La première est que la découverte des règles perspectives à la Renaissance est un aboutissement inéluctable d'une recherche artistique en quête de mimesis. Nous serions donc en présence d'un critère objectif de jugement des oeuvres au regard de la volonté esthétique exprimée. Les artistes prônant l'imitation de la nature maîtrisent ou non l'outil perspectif. Ceux qui ne le possède pas sont en retard sur les autres. (...)
La deuxième conclusion est liée à notre mode de perception. Puisque l'image perspective est reconnue de manière universelle comme une image fidèle à la réalité, alors c'est qu'elle possède une qualité (sa structure perspective) qui répond directement à la manière dont nous voyons le monde. (lien proclamé à la Renaissance entre perspective artificielle et vision naturelle).
(...)
Pour Gombrich et Danto, on n'apprend pas plus à voir en perspective qu'on apprend à voir. La perspectiva artificialis représente le monde comme le cerveau se le représente.
(...)
Il faut mettre en garde quant aux arguments scientifiques énoncés par les uns et par les autres, car si le fonctionnement mécanique de l'oeil est parfaitement connu depuis bien longtemps, on ne peut compter que sur un nombre très faible de certitudes concernant comment le cerveau voit. (...) Des recherches très récentes semblent affirmer l'importance de l'apprentissage et de la mémoire dans la vision.
(...)
(...)
La science n'a encore que modestement percé le mystère de la vision et on ne peut prétendre savoir ce qui sera révélé dans l'avenir. Mais quoi que la science puisse nous apprendre sur la manière dont le cerveau traite les informations lumineuses, les recherches scientifiques sur la perception ne nous diront jamais rien sur le fonctionnement d'une représentation.
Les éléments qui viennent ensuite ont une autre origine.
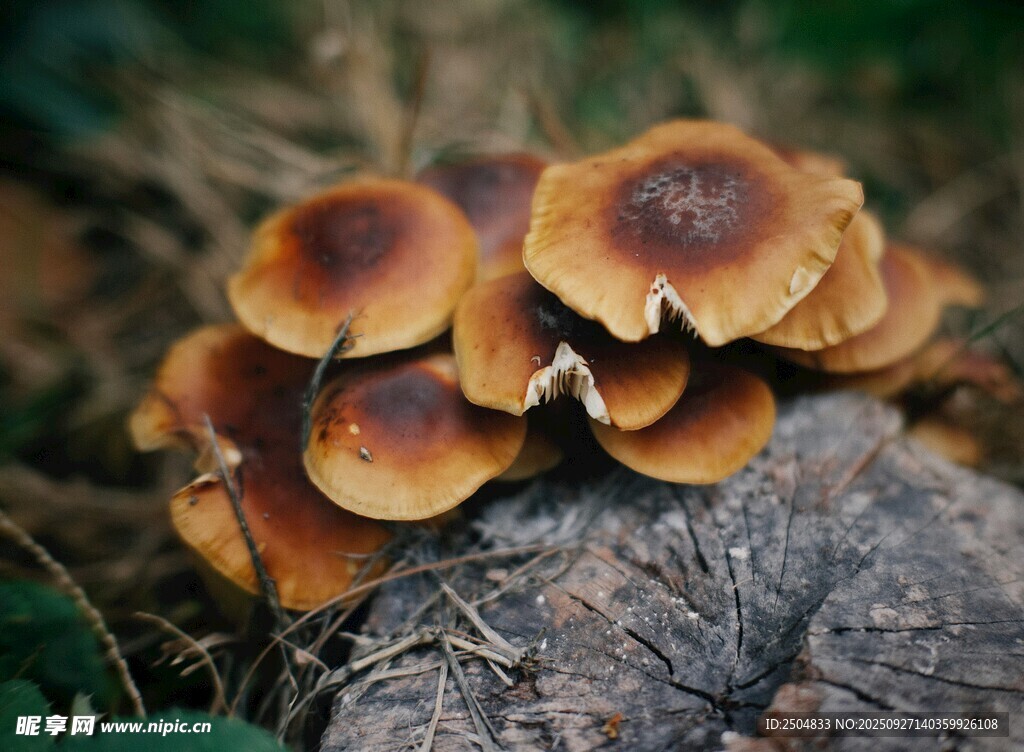木头上的簇生棕色蘑菇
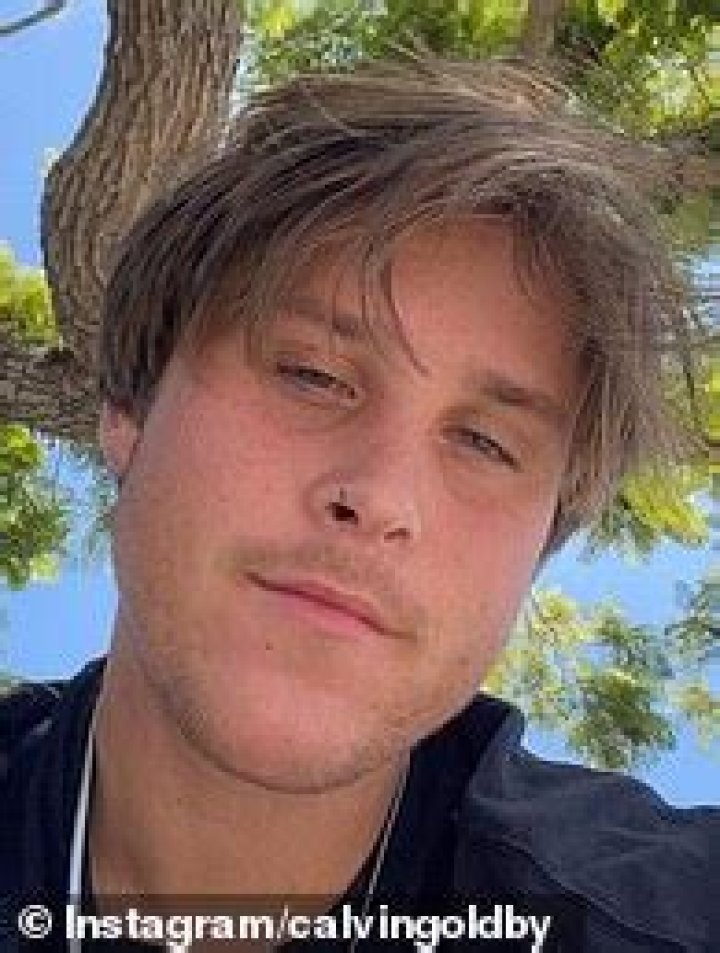 Calvin Goldby – Bio, Facts, Family Life & Career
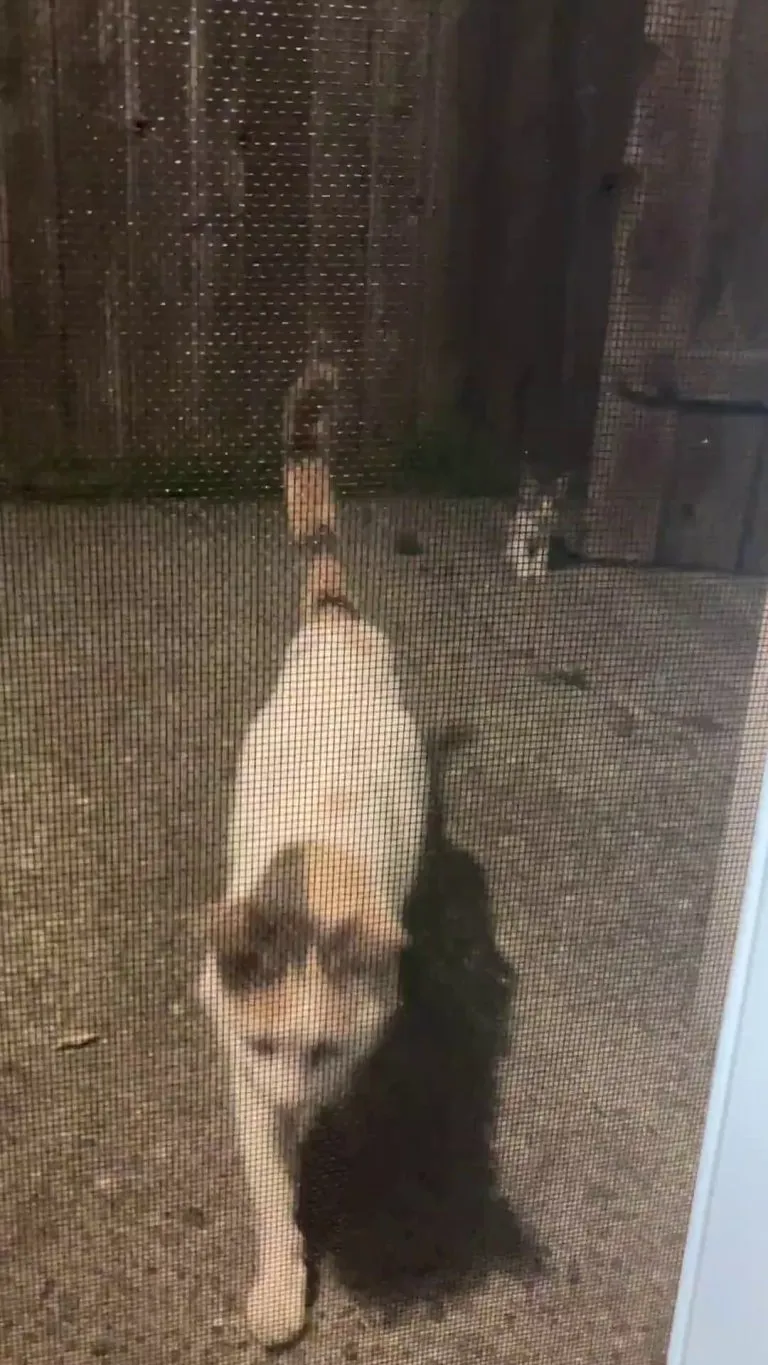 OUR STRAY BROUGHT HER BABIES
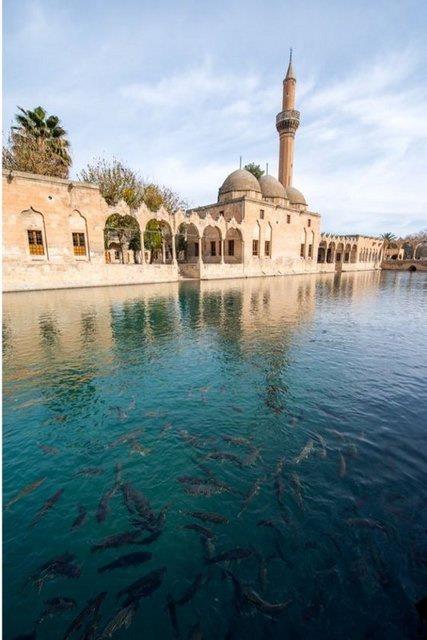 Mark Edward Harris - Urfa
Car la question de la représentation est propre à la culture humaine et à son langage, et absolument indépendante de la question de la vision. L'image peut fonctionner comme représentation pour nous et comme leurre pour l'animal. Mais certains leurres efficaces pour l'animal seraient considérés comme de très mauvaises représentations pour l'homme. Nous pouvons alors conclure avec Nelson Goodman, et contre Pirenne, Gombrich ou Danto, que
"Rien n'est intrinsèquement une représentation; avoir un statut de représentation est relatif à un système symbolique. Qu'un symbole qui dénote (comme l'image perspective par exemple) soit représentationnel dépend non pas de sa ressemblance avec ce qu'il dénote mais de ses rapports avec d'autres symboles dans un schéma donné."
Il nous faut donc quitter le discours scientifique, qui depuis son invention, a accompagné l'étude de la perspective, mais qui ne peut en rien nous aider dés lors qu'il s'agit d'appréhender son fonctionnement représentationnel."
Eric Valette, L'appareil perspectif et sa légitimité in L'art au temps des appareils, sous la direction de Damien Huyghe, L'Harmattan, 2005.